Opinion

Not seeing the wood for the trees: Instagram’s new logo may see it lost in the pack

4 min read

20 May 2016

Instagram’s official marketing material claims that its new logo is designed to reflect how the app has transformed since its creation. Once a simple tool that allowed users to apply filters to photos, in recent years it has become much more than this – but was a logo change the right way to showcase that?

A social networking movement all by itself, it’s no longer tied to other networks like Facebook or Twitter – although it is owned by Facebook.

Instagram has been adopted by the young, the creative and the expressive as a means to capture and share moments, and in some cases has even provided its users with a business model. Joe Wicks, The Body Coach, started his now stratospheric career by posting 15-second Instagram videos of his healthy meals and workouts.

Joe Wicks: The sprint from personal trainer to business sensation The Body Coach

The meteoric rise of Instagram is indisputable. But how credible is it that this can be linked to the dramatic change to the logo? Moving completely away from the retro nod to the polaroid camera, the new design is minimal and vibrant, in line with other app logos such as Whatsapp and Google.

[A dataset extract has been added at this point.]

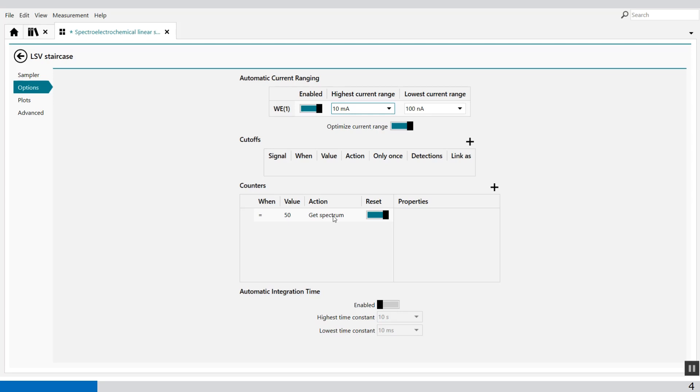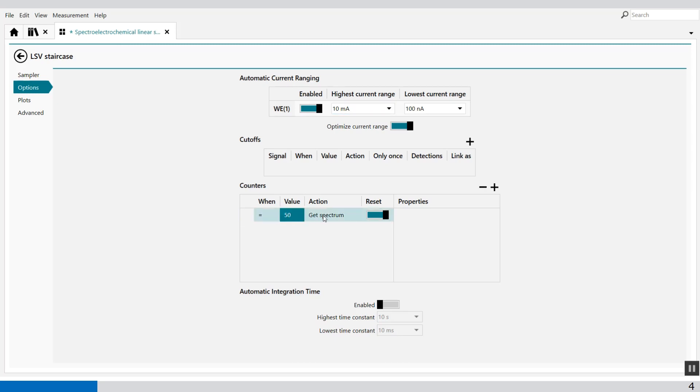Since the counters are intrinsically linked to the measured data, the events triggered by the counters are directly correlated by the data points. So which means that every 50th data point we're going to take a spectrum.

Essentially, Instagram has followed the pack, which could be seen as a short-sighted move in a world where smartphone screens are jam-packed with minimal, vibrant app logos. The danger is that by opting to be in line with its peers and competitors, it could easily get lost from a design perspective.

What prompted the mass move to simplistic designs is the decision by the major operating systems to drop the idea of skeumorphism, i.e design resembling the object it represents.

This decision led to other social media platforms flattening and simplifying their designs, turning instead to bold, minimal icons. Initially, Instagram was left behind by this shift, sticking to its camera logo which was a direct reflection of the services it offered: retro-style, instant photo editing.

Yet this shouldn’t be seen as a negative (no pun intended). Actually, by staying still, Instagram stayed true to its vintage roots, echoing its values and its brand identity. Perhaps this was intentional, perhaps it wasn’t, but it worked – which makes the new branding even more disappointing.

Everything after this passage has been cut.